Die Zahlen waren Wasser auf die Mühlen der Gegner. Und haben bei anderen Pensionskassen für Stirnrunzeln gesorgt: Die Reform der beruflichen Vorsorge (BVG), über die die Schweiz am 22. September abstimmt, führe bei vielen Coiffeusen, Metzgern oder beispielsweise auch Gärtnerinnen zu teilweise happigen Renteneinbussen, berichtete der «Tages-Anzeiger» im Juni.

Die Zeitung stützte sich dabei auf Zahlen der Pensionskasse Proparis, einer grossen Kasse des Gewerbes. Insgesamt müssten demnach 58 Prozent der rund 70'000 Proparis-Versicherten mit einer tieferen Rente rechnen. Bei Coiffeusen, die über 50 Jahre alt sind, sogar bei 79 Prozent.
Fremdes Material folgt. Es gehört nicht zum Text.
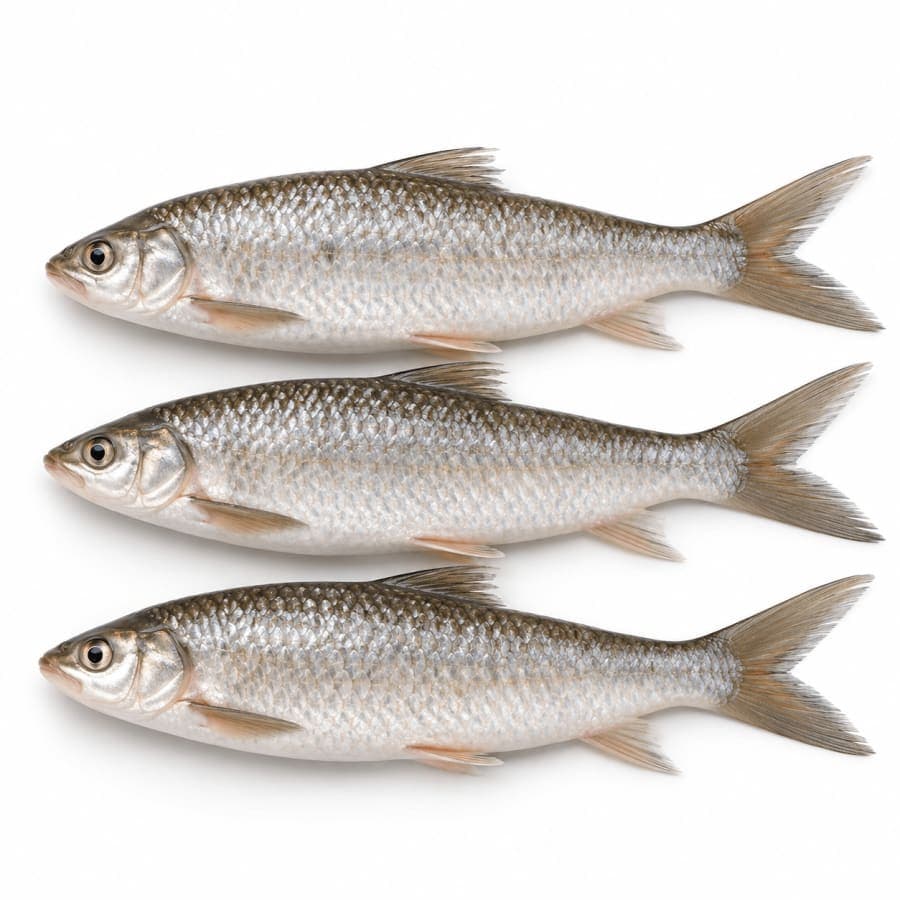 Fresh Bata Fish (Bata Maach) kg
Der Schweizerische Gewerkschaftsbund (SGB) nutzt die Berechnungen, um gegen die Reform zu mobilisieren.

Zahlen stimmen nicht

Doch nun zeigt sich: Die Angaben stimmen so nicht. Gegenüber SRF und den Zeitungen von «CH Media» räumt die Vorsorgestiftung ein, dass die ausgewiesenen Werte «nicht korrekt» seien. Wie Nachforschungen zeigen, sagen die Zahlen nicht aus, wie viele Versicherte weniger Rente erhielten – sondern, wie viele gemäss einer Modellrechnung unter dem Strich mehr bezahlen dürften. Wenn man beispielsweise also auch höhere Lohnabgaben oder die solidarische Finanzierung des Rentenzustupfs miteinberechnet.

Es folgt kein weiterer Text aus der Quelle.